● Task description:
Give the lines again exactly as they appear, beginning at the one with "Manuscritos de Sabella" and ending at the last line of the records.

━━━

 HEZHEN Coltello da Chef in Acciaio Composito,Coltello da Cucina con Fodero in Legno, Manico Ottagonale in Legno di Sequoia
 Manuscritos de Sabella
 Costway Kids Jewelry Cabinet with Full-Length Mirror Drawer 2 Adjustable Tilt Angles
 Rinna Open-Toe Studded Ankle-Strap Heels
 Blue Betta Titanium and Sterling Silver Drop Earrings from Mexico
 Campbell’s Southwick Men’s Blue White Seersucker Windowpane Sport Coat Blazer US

━━━

● Solved exercise:
 Manuscritos de Sabella
 Costway Kids Jewelry Cabinet with Full-Length Mirror Drawer 2 Adjustable Tilt Angles
 Rinna Open-Toe Studded Ankle-Strap Heels
 Blue Betta Titanium and Sterling Silver Drop Earrings from Mexico
 Campbell’s Southwick Men’s Blue White Seersucker Windowpane Sport Coat Blazer US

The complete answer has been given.